Since your menstrual cycle is an integral phenomenon of your life, one needs to learn to deal with it effectively. Lifestyle changes such as eating a balanced diet rich in iron and leafy greens and daily exercise can help to keep the signs at bay. Another popular notion involves having your first child at a younger age and breastfeeding them for a longer period. Hormonal therapy consisting of birth control pills has proven to display wonders. After all, your reproductive health is your responsibility!
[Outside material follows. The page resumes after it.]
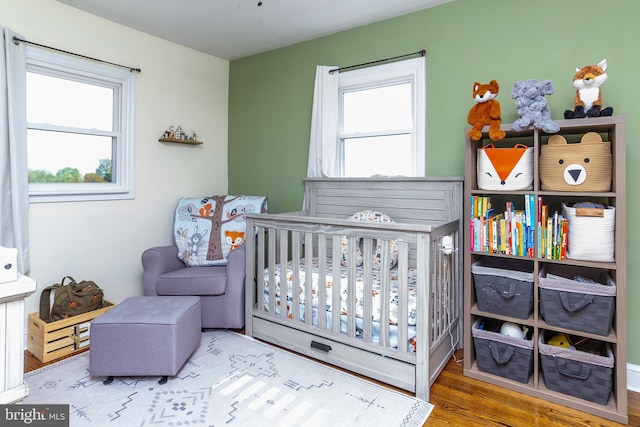 bedroom featuring a crib, wood finished floors, and multiple windows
  1. Breast Cancer: Deemed the most common and aggressive form of cancer amongst women, breast cancer primarily originates in the lining of your milk ducts. It rapidly spreads to the other organs if detected at a later stage. Vigilance is the key factor in preventing this disease. Monthly self-examinations and mammography’s are advised for those who carry the BRCA 1 and BRCA 2 genes. Lumps, thickness, or swellings are good indicators of its onset. Depending on the risk factors, a mastectomy is an excellent preventive measure, while following healthy lifestyle habits and other treatment modalities such as chemotherapy.
  2. Cervical Cancer: Women of lower socioeconomic backgrounds are at a higher risk of contracting cancerous cells in their cervix. Correlated to poor menstrual and sexual hygiene, cervical cancer accounts for 12% of cancerous deaths. The advent of technology has led to detection at earlier stages with the help of Pap Smears. Other medical interventions include the HPV vaccine, radiation, and chemotherapy.
  3. Osteoporosis: This is a “silent disease” that causes your bones to weaken, thereby increasing the risk of fractures. Often seen in older, postmenopausal women, you can avert it by taking precautions in your youth as your bone mass, which retains your bone density grows till your 20s. Since osteoporosis is indicative of a calcium-poor diet and sedentary lifestyle, appropriate changes can be made.
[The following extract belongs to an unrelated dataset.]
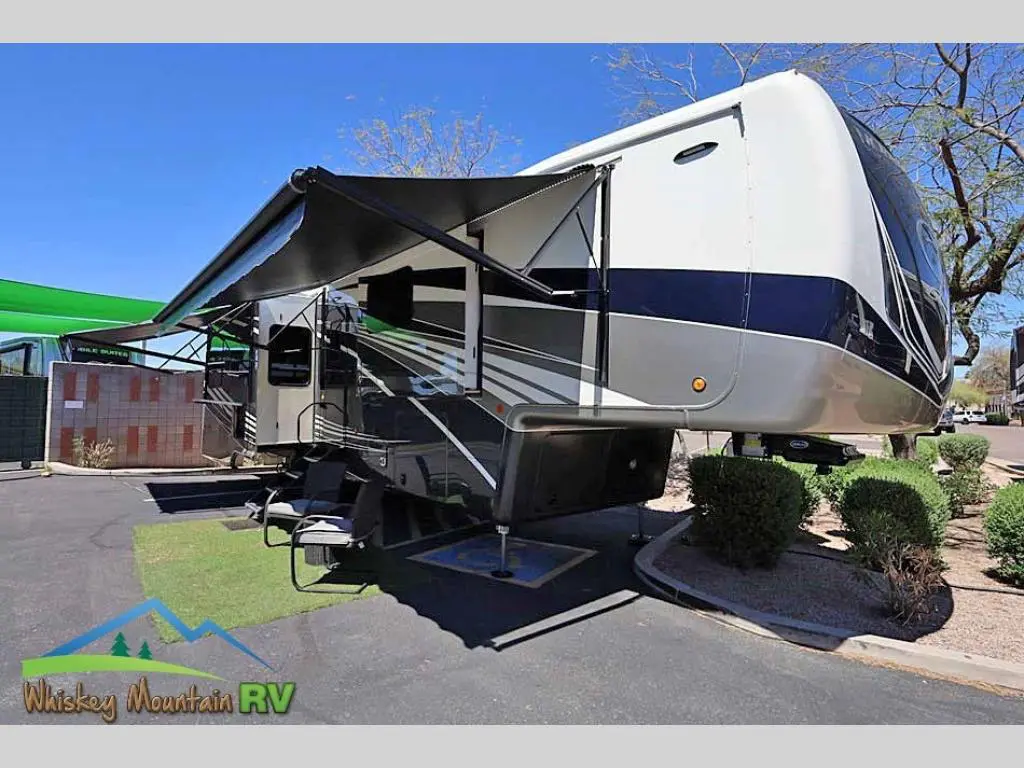 A large rv parked in the driveway of a house.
Isn’t prevention always better than the cure? True, most of these illnesses are deep-rooted in hereditary or biological factors, but there are various inhibitory steps that you can abide by to lead a healthier, happier life. Read on to know more.
    
 

HEALTH HERALD: SOME LIFESTYLE HABITS TO NIP OFF THE BUD

Seeking a far-reaching outcry, as human beings, we sometimes forget that our mind and body are strongly interrelated. While most of these illnesses raise the incidence of stress and anxiety, several self-care practices can help you discipline your lifestyle or deal with the harrowing diagnosis. Some important tips to remember are:
  • Eat a nutritious diet to ensure that your body is replenished with the necessary vitamins and minerals.
  • Reduce the consumption of caffeine, alcohol, and smoking.
  • Sleep for at least 7 hours a day and let your body heal and refuel.
  • Get moving and incorporate some form of exercise every day.
  • Practice meditation, yoga, or relaxation techniques to keep you stress-free, thereby reducing the risk of cardiovascular diseases.
  • Educate yourself and others with resources on the same, and get regular check-ups done after the age of 40.
  • Try alternate therapies such as aromatherapy to provide serene relief.
  • Letting nature take its course, conceive at an appropriate age.
  • Follow extraordinary hygiene practices.
  • Lastly, know when to visit the doctor.

In conclusion, do not forget to tune in and make yourself a priority. From woman to woman, our health translates into the well-being of society. We’ve got this!